2009 – My Year of Sustainability

Our garden last year

Our garden last year

I have never been one for New Year’s resolutions because I don’t think you should only reflect on making changes once a year – especially at the most crazy and stressed out time of year. Oh, and let’s not forget to mention that by the time gathered people bring up the discussions of New Year’s resolutions it is usually during a New Year’s Eve party and everyone is intoxicated. If I am going to implement a life changing resolution, I think I should probably be sober and coherent.

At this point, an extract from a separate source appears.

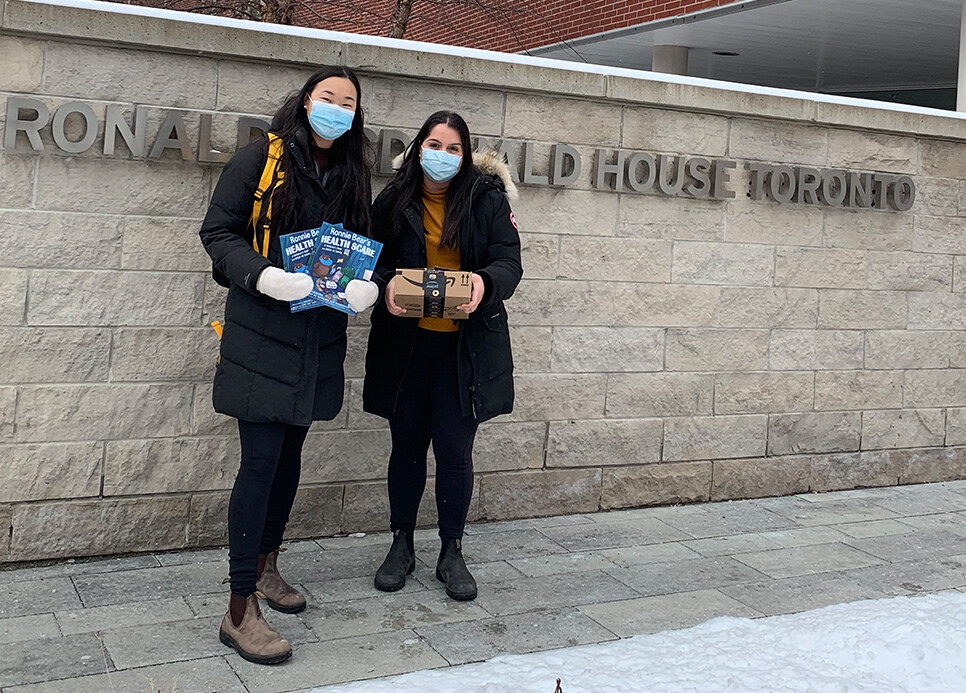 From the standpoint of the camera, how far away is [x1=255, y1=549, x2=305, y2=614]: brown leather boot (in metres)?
4.36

With that said, I have decided on focusing on something I have been putting off making real commitment too for the last several years – sustainability. Sure I have made a few changes here and there but as for constant change and a major shifting of thought I just keep making the excuse that I will start once I get that Earth home/passive home/solar home… that I plan on obtaining in the next few years.  It’s been two years since we started planning for a sustaining/low imprint/off the grid as much as possible home and while we are closer to making it a reality, it’s still a ways off.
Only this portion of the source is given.